» **EXTRACTED RECORDS**:
Start of Block
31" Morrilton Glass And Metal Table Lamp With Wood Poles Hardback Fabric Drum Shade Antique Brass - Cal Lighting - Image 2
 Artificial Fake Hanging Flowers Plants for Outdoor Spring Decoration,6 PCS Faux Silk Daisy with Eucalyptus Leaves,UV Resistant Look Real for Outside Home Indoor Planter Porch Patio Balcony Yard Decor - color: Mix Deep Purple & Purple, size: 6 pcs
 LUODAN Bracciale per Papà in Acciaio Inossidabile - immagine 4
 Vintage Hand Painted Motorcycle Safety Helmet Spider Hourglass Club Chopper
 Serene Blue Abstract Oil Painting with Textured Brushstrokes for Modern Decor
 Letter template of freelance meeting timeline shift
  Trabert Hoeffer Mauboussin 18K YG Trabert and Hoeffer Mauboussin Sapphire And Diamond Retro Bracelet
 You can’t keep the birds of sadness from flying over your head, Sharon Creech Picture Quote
End of Block
» **WORK INSTRUCTION**:
Retype the listing above, exactly and in full.

» **SOLUTION TO THIS EXERCISE**:
31" Morrilton Glass And Metal Table Lamp With Wood Poles Hardback Fabric Drum Shade Antique Brass - Cal Lighting - Image 2
 Artificial Fake Hanging Flowers Plants for Outdoor Spring Decoration,6 PCS Faux Silk Daisy with Eucalyptus Leaves,UV Resistant Look Real for Outside Home Indoor Planter Porch Patio Balcony Yard Decor - color: Mix Deep Purple & Purple, size: 6 pcs
 LUODAN Bracciale per Papà in Acciaio Inossidabile - immagine 4
 Vintage Hand Painted Motorcycle Safety Helmet Spider Hourglass Club Chopper
 Serene Blue Abstract Oil Painting with Textured Brushstrokes for Modern Decor
 Letter template of freelance meeting timeline shift
  Trabert Hoeffer Mauboussin 18K YG Trabert and Hoeffer Mauboussin Sapphire And Diamond Retro Bracelet
 You can’t keep the birds of sadness from flying over your head, Sharon Creech Picture Quote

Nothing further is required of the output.